A lot of balls have fallen short, in both innings. Might need to shuffle the slips closer.
5.36am GMT
There it is for India! Reward for toil. Bumrah around the wicket, fast, and the ball decks in at the left-handed Wade. Nails him a bit high but well back and dead in front, and Wade’s reluctant DRS review shows the ball hitting the very top of middle, flush enough to avoid umpire’s call.
5.34am GMT
14th over: Australia 16-0 (Wade 8, Burns 7) India desperate for a wicket as reward for all this disciplined bowling. A few times the ball has been squeezed between bat and pad on a defensive stroke, and the cordon keeps going up as though they were stone dead appeals.
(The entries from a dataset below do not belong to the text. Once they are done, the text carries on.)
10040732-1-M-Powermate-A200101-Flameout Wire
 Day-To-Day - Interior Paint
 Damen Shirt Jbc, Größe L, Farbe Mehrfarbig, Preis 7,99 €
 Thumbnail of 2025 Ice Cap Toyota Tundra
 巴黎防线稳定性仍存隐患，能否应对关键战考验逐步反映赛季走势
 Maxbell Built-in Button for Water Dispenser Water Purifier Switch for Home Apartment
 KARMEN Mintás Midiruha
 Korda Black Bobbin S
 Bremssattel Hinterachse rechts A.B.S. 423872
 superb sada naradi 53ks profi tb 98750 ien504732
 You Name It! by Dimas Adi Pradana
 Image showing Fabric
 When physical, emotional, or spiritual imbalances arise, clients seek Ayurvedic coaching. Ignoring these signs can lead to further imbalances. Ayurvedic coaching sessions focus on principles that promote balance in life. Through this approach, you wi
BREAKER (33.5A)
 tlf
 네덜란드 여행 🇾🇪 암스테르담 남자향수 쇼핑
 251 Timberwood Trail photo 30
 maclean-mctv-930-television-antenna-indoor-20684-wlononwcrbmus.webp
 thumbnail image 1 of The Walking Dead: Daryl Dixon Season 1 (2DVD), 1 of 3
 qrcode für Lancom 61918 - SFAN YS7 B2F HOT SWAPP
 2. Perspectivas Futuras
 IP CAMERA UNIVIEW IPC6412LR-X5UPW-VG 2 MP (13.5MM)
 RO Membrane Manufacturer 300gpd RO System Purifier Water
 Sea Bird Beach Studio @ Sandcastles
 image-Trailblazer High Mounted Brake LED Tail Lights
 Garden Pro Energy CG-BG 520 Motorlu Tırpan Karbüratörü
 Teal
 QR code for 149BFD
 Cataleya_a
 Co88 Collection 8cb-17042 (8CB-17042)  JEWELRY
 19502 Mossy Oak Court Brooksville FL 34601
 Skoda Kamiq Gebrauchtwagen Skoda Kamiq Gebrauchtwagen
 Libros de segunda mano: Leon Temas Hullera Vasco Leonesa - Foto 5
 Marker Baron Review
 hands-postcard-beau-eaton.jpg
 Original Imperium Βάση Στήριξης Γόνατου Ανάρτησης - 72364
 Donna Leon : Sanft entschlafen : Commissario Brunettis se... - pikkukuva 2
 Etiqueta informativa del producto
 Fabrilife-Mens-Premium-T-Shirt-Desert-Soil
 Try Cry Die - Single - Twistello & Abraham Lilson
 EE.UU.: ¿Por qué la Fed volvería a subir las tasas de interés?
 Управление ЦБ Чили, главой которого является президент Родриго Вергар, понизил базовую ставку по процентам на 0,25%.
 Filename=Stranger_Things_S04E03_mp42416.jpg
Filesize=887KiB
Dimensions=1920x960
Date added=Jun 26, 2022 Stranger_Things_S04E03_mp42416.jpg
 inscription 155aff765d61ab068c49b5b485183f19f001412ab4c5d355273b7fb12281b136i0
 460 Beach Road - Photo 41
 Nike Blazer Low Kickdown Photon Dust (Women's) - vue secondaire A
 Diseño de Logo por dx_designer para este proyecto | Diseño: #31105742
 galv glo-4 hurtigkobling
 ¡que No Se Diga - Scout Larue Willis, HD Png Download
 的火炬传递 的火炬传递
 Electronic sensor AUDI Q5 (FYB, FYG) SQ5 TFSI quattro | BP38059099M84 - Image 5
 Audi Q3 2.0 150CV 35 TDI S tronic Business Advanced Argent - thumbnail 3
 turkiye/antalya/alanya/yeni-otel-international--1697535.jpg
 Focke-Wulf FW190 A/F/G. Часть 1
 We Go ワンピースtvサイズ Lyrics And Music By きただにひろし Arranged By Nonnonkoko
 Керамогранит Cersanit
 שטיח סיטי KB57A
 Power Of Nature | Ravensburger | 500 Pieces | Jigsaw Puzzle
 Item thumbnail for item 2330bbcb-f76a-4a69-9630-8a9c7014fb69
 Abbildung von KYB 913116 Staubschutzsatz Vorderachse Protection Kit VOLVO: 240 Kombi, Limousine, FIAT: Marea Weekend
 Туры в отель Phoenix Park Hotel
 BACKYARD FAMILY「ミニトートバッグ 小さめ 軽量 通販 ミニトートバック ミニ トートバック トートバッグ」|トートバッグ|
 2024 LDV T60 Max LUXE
Burns squeezes two more runs through the gully from a half edge.
5.31am GMT
13th over: Australia 14-0 (Wade 8, Burns 5) Bumrah comes on for Umesh in the old do-si-do, and batters Wade on the body again. This time the short ball hits him on the arm. They’ll be wanting to marinate and then crumb Wade once they’ve finished tenderising him. 14 runs in 13 overs.
5.24am GMT
12th over: Australia 14-0 (Wade 8, Burns 5) Shami comes around the wicket to Wade and is bowling a shorter length at him, up the body and making him think. Again Wade sees out the over and farms the strike, this time by getting up on his toes and cutting with no backswing into the gully gap for a run.
5.21am GMT
11th over: Australia 13-0 (Wade 8, Burns 5) Another full over of Umesh to Wade, except this time Wade drives a single from the last ball and keeps strike.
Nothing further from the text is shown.